Nonetheless, the application of this clarified standard for limitations has not been uniform when injunctions are at play. In this case, for example, the court of appeals effectively split the cause of action, treating it as expired as to damages but allowing it to proceed as to the remedy of injunctive relief (ostensibly on the ground that no cause of action was even needed). Other courts, however, have treated requests for injunctive relief as having no effect on limitations. See, e.g., Mitchell v. Timmerman, No. 03-08-00320-CV, 2008 WL 5423268, at *1 (Tex. App.—Austin Dec. 31, 2008, no pet.) (affirming summary judgment on the plaintiffs' time-barred nuisance claim seeking damages and injunctive relief). Similarly, courts have differed with respect to limitations when only injunctive relief is sought. Compare, e.g., Yalamanchili v. Mousa, 316 S.W.3d 33, 39 (Tex. App.—Houston [14th Dist.] 2010, pet. denied) (“Limitations is not a defense to a request to permanently abate a nuisance.”), with Walton v. Phillips Petroleum Co., 65 S.W.3d 262, 276 (Tex. App.—El Paso 2001, pet. denied) (“Because Phillips established that all causes of action are barred by limitations, Walton is not entitled to injunctive relief.”).
In Schneider, we reserved how to deal with limitations when injunctive relief is requested as “a question we do not reach as it is not this case.” 147 S.W.3d at 289. Our normal practice, after all, is not to formally reach unpresented issues. At the same time, though, it is also common for prior holdings to leave open only one possible outcome once an issue is squarely presented. Schneider's holdings—and common sense—leave open no other outcome here.
Here is a sampling of why that is so. In Schneider, the Court clarified the distinction between permanent and temporary nuisances. One of our central points was that, as in other legal contexts, “characterizing a nuisance as temporary or permanent determines when limitations accrues, and thus when an injured party's claims are barred.” Id. at 279 (emphasis added). We did not say then or at any other time that the accrual of limitations determines when a particular remedy is barred. Again, as elsewhere in the law, it is the claim itself that is either categorically barred or not barred: “[T]he record here establishes as a matter of law that the alleged nuisances were permanent, and thus barred by limitations.” Id. at 268. That is why the delineation between temporary and permanent nuisances is so important. “Uncertainty in the test for the distinction can put the parties in a serious predicament.” Id. at 275 (quoting 1 Fowler V. Harper et al., The Law of Torts § 1.30, at 140 (3d ed. 1996)). Indeed, dispelling uncertainty about limitations in nuisance cases is the reason we decided Schneider in the first place.
Elsewhere in Schneider, we made clear that so-called nuisance claims are not treated differently from other kinds of claims—as always, a claim is a cause of action that can generate remedies. For example:
Generally, a cause of action accrues and limitations begins to run when facts exist that authorize a claimant to seek judicial relief.
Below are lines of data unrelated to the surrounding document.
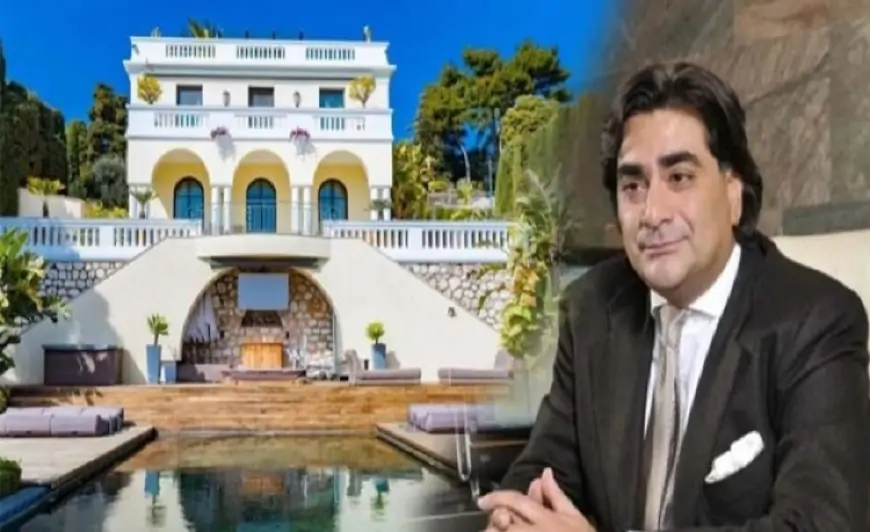 Unibank rəhbərinin və oğlunun gizli Avropa dosyesi - Fransadakı villa, kazinodakı macəra və...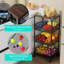 Metal Bar Cart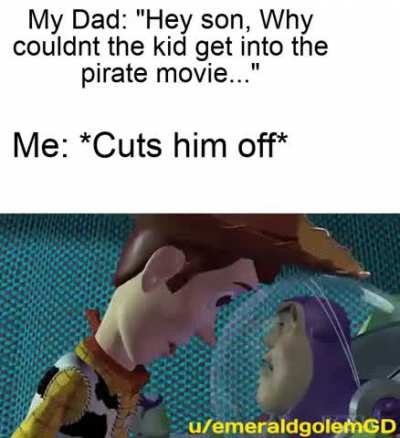 I cant stand Dad Jokes.
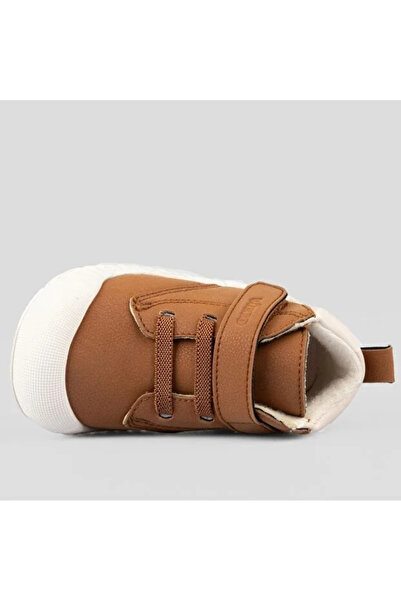 Vicco Baby First Step Winter Waterproof Non-Slip Lightweight Eva Sole Orthopedic Comfortable Skin Leather Sports Shoes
As nuisance claims arise only upon a substantial interference with property use, they normally do not accrue when a potential source is under construction [O]nce operations begin and interference occurs, limitations runs against a nuisance claim just as against any other.
Id. at 279 (emphasis added and omitted) (footnotes deleted). And we clearly contemplated multiple or alternative remedies arising from the same claim. E.g., id. at 290 (“If only private interests are involved, courts may well favor the equitable option allowing neighboring owners to stop the uninvited nuisance, rather than the legal option forcing them to live with it and sending them a check.”).
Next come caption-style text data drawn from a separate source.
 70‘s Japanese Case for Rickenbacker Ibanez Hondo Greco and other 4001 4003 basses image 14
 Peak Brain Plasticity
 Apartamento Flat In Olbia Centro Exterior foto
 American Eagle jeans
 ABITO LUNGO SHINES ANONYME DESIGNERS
One of Schneider's objectives was to eliminate “splitting one claim into several suits when a single suit will suffice.” Id. at 278. As with any other cause of action, we treated a permanent nuisance as a single claim with multiple potential remedies. Our discussion would have been awkward, at best, if it later turned out that the limitations period for that single claim transformed from two years to something longer if a plaintiff simply failed to sue in time to get damages. As we observed in response to some cases that seemed to allow plaintiffs great flexibility, “claimants cannot opt for an indefinite limitations period or a series of suits whenever they would prefer.” Id. at 281–82. To the contrary, the rule remains one suit for one claim. A limitations period in which one remedy (but not another) would be continually available would constitute a maximally “indefinite limitations period” that would allow a demand for an injunction to spring forth at any time.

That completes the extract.